= WHAT IS EXPECTED =
Of the lines below, reproduce exactly those from the line containing "Certified 2025 Audi" to the end, including both the first and the last.

:: GIVEN ENTRIES ::

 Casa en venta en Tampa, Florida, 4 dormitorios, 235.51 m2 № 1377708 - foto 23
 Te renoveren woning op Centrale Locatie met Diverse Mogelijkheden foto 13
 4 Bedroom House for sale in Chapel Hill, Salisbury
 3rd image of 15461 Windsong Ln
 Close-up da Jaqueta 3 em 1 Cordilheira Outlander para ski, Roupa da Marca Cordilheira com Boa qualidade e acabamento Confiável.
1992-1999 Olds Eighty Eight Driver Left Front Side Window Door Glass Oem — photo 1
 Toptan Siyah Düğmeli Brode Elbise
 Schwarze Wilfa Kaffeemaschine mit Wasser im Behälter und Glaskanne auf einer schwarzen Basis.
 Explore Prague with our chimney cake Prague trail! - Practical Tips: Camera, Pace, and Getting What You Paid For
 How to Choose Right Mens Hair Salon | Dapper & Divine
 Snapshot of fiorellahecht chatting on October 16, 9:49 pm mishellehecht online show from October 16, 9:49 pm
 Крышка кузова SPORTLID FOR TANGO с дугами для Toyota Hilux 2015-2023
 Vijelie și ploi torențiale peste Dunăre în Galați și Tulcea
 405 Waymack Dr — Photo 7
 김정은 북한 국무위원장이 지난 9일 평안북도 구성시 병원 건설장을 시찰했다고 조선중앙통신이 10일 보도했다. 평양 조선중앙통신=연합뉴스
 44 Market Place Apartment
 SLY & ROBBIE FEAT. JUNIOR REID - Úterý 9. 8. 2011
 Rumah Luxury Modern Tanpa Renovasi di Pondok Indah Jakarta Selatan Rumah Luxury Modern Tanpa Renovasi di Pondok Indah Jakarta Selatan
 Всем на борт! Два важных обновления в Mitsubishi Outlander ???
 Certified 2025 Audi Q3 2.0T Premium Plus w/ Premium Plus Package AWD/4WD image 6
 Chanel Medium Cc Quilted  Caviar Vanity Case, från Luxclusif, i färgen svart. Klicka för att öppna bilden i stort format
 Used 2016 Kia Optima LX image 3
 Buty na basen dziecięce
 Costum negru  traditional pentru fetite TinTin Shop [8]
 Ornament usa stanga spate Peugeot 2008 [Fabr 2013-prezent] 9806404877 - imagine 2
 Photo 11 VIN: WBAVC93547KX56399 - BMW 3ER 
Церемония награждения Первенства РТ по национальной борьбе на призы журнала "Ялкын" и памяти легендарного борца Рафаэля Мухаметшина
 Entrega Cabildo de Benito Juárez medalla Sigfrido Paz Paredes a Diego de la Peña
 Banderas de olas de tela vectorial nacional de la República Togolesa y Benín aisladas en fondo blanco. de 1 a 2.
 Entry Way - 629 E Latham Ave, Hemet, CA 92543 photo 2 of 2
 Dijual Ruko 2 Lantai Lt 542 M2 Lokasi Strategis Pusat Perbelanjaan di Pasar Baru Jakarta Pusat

:::

= ANSWER SPACE =
 Certified 2025 Audi Q3 2.0T Premium Plus w/ Premium Plus Package AWD/4WD image 6
 Chanel Medium Cc Quilted  Caviar Vanity Case, från Luxclusif, i färgen svart. Klicka för att öppna bilden i stort format
 Used 2016 Kia Optima LX image 3
 Buty na basen dziecięce
 Costum negru  traditional pentru fetite TinTin Shop [8]
 Ornament usa stanga spate Peugeot 2008 [Fabr 2013-prezent] 9806404877 - imagine 2
 Photo 11 VIN: WBAVC93547KX56399 - BMW 3ER 
Церемония награждения Первенства РТ по национальной борьбе на призы журнала "Ялкын" и памяти легендарного борца Рафаэля Мухаметшина
 Entrega Cabildo de Benito Juárez medalla Sigfrido Paz Paredes a Diego de la Peña
 Banderas de olas de tela vectorial nacional de la República Togolesa y Benín aisladas en fondo blanco. de 1 a 2.
 Entry Way - 629 E Latham Ave, Hemet, CA 92543 photo 2 of 2
 Dijual Ruko 2 Lantai Lt 542 M2 Lokasi Strategis Pusat Perbelanjaan di Pasar Baru Jakarta Pusat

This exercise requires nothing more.